# Activity:
For each entry, return the text exactly and omit any image.

____ Records shown

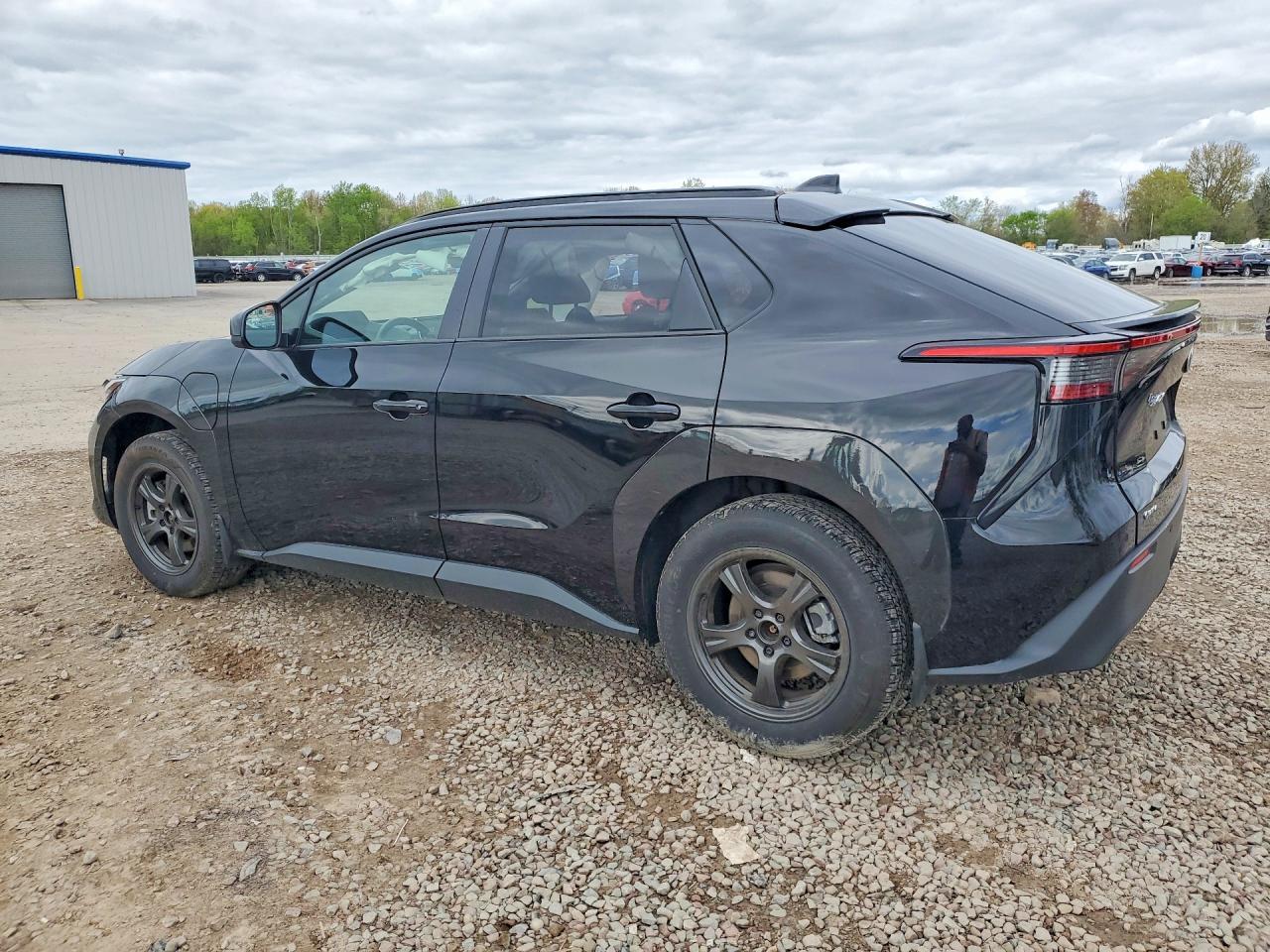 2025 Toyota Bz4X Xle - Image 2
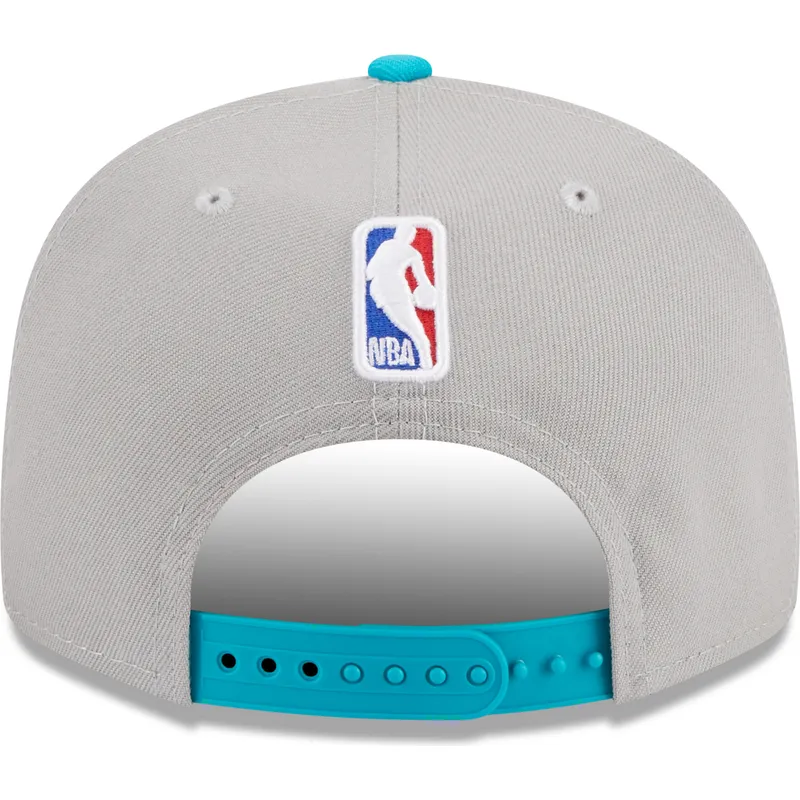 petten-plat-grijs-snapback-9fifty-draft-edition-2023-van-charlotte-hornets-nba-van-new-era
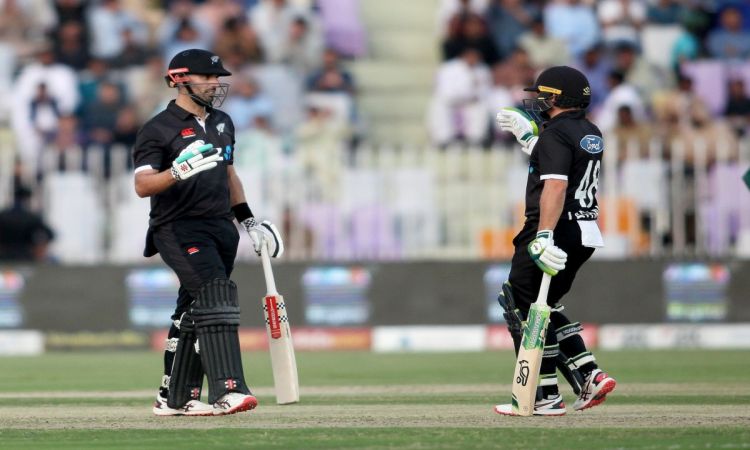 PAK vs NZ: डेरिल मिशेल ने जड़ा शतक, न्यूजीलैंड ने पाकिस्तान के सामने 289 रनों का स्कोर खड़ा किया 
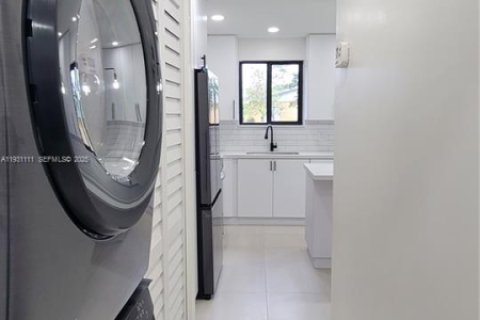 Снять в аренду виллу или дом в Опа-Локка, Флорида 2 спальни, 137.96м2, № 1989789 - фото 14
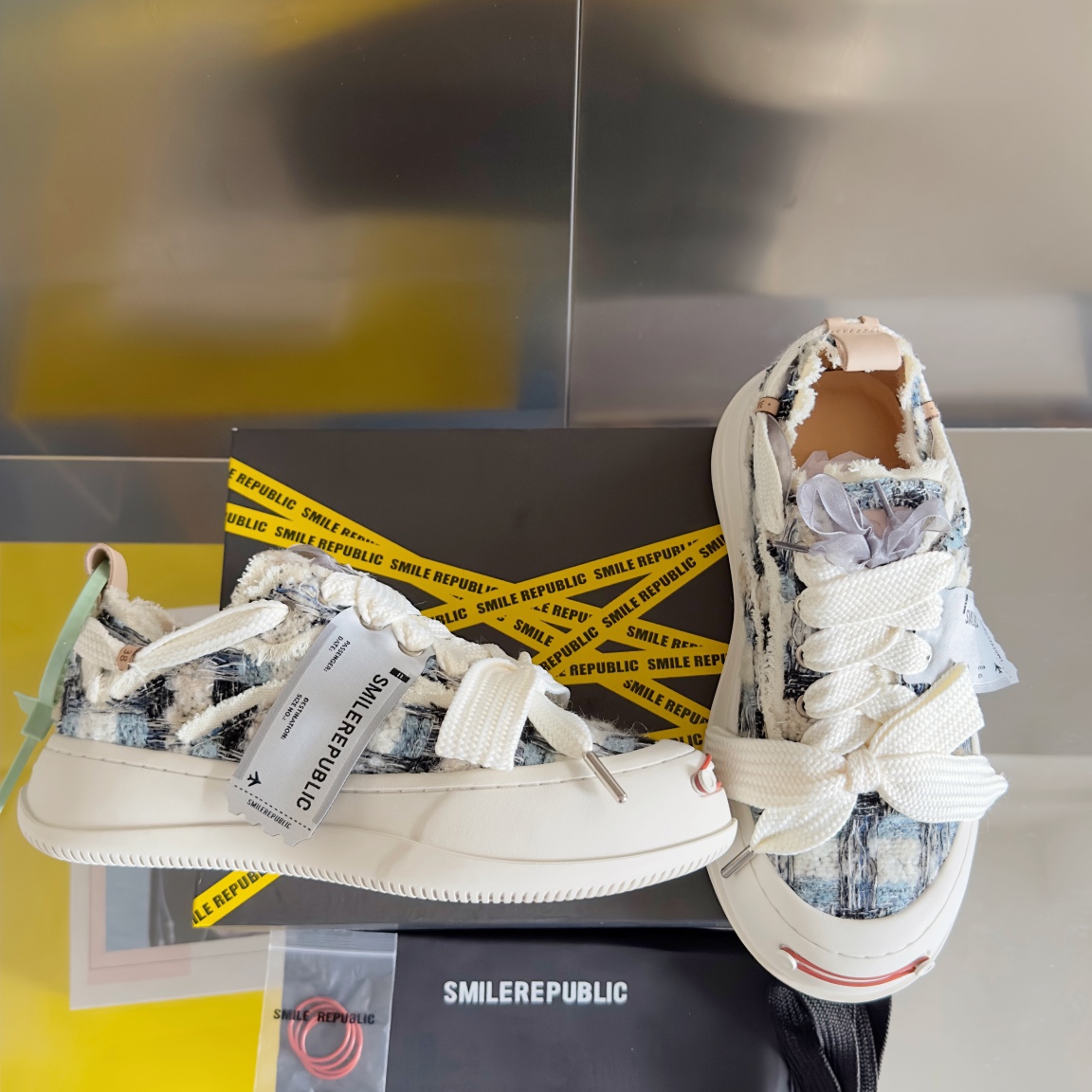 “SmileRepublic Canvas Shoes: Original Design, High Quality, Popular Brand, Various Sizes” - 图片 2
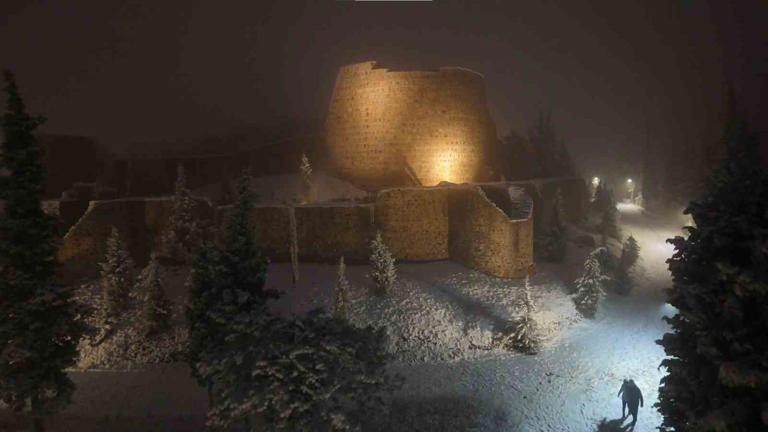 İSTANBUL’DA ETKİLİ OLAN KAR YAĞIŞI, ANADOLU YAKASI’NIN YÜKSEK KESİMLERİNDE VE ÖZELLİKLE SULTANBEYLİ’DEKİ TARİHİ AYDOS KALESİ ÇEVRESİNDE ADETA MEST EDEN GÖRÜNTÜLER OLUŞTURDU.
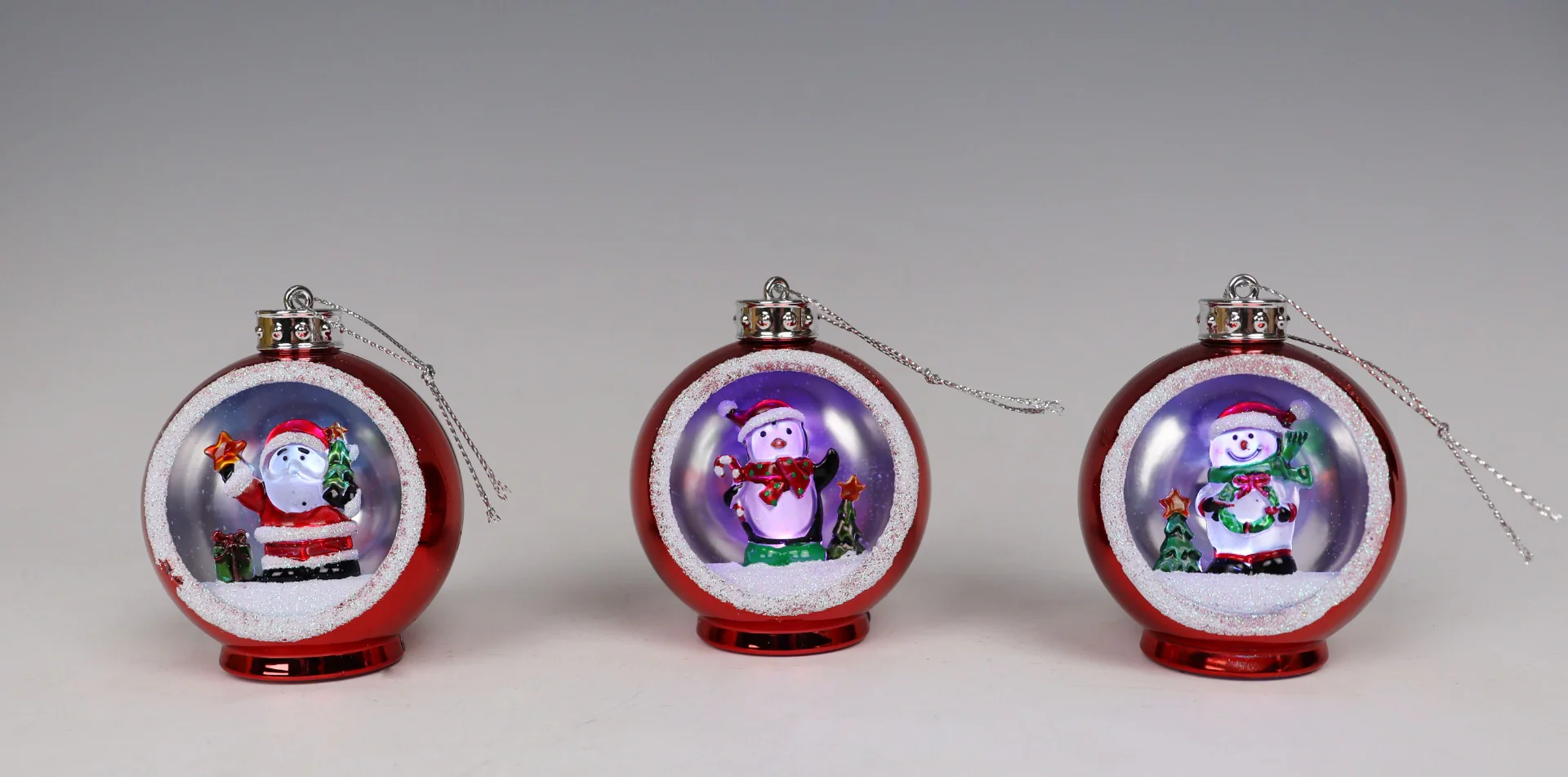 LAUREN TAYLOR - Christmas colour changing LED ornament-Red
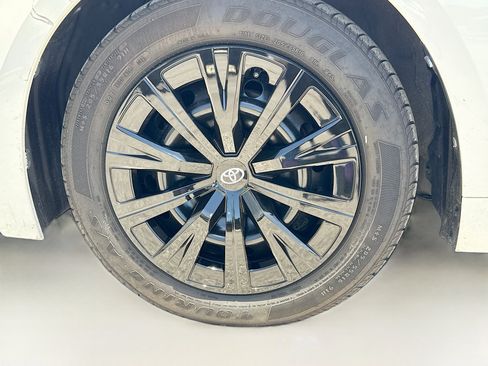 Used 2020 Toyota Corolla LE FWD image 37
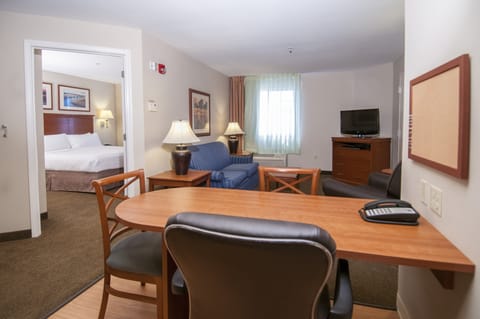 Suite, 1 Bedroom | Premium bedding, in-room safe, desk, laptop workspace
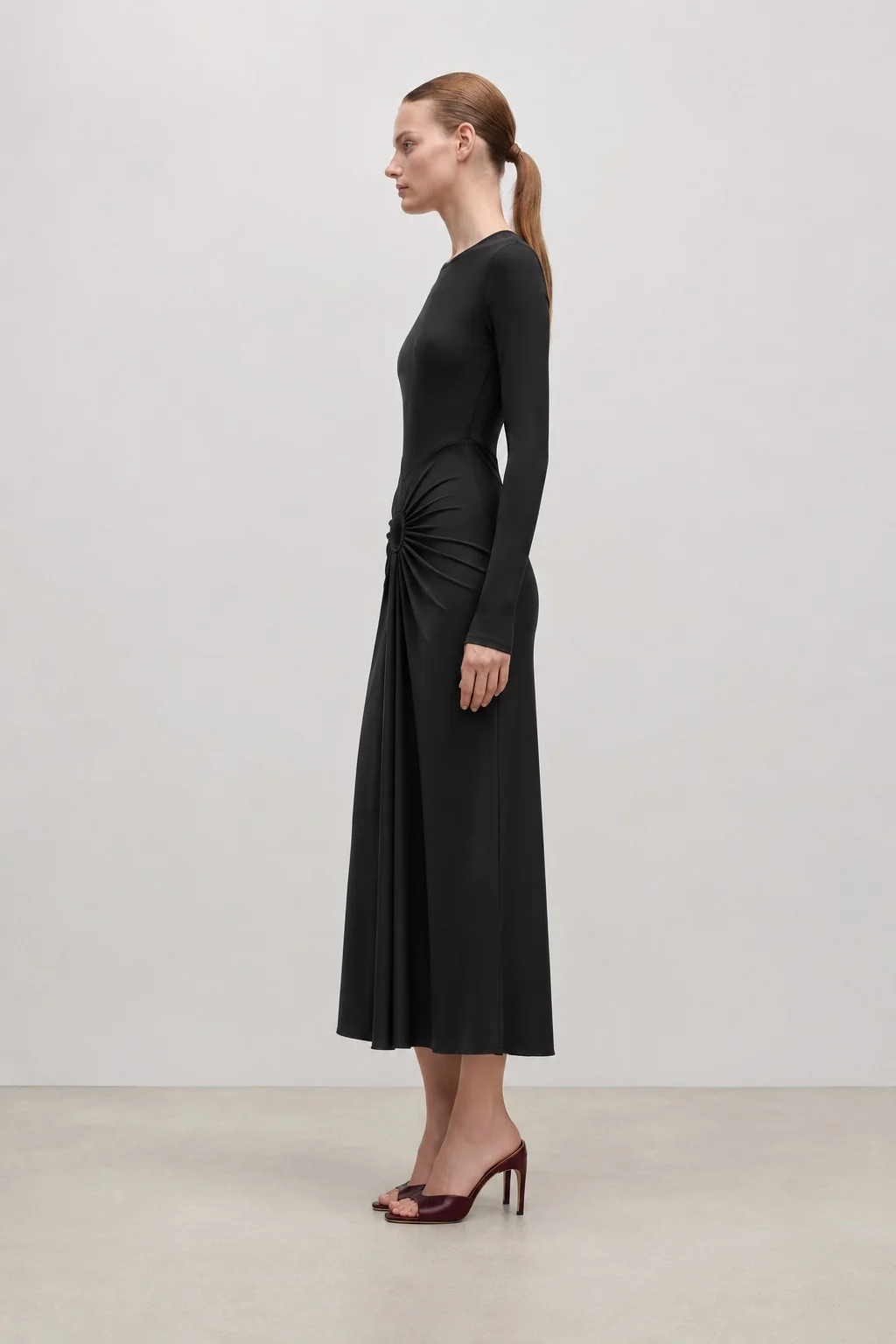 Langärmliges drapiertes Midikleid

________

# The completed task:
 2025 Toyota Bz4X Xle - Image 2
 petten-plat-grijs-snapback-9fifty-draft-edition-2023-van-charlotte-hornets-nba-van-new-era
 PAK vs NZ: डेरिल मिशेल ने जड़ा शतक, न्यूजीलैंड ने पाकिस्तान के सामने 289 रनों का स्कोर खड़ा किया 
 Снять в аренду виллу или дом в Опа-Локка, Флорида 2 спальни, 137.96м2, № 1989789 - фото 14
 “SmileRepublic Canvas Shoes: Original Design, High Quality, Popular Brand, Various Sizes” - 图片 2
 İSTANBUL’DA ETKİLİ OLAN KAR YAĞIŞI, ANADOLU YAKASI’NIN YÜKSEK KESİMLERİNDE VE ÖZELLİKLE SULTANBEYLİ’DEKİ TARİHİ AYDOS KALESİ ÇEVRESİNDE ADETA MEST EDEN GÖRÜNTÜLER OLUŞTURDU.
 LAUREN TAYLOR - Christmas colour changing LED ornament-Red
 Used 2020 Toyota Corolla LE FWD image 37
 Suite, 1 Bedroom | Premium bedding, in-room safe, desk, laptop workspace
 Langärmliges drapiertes Midikleid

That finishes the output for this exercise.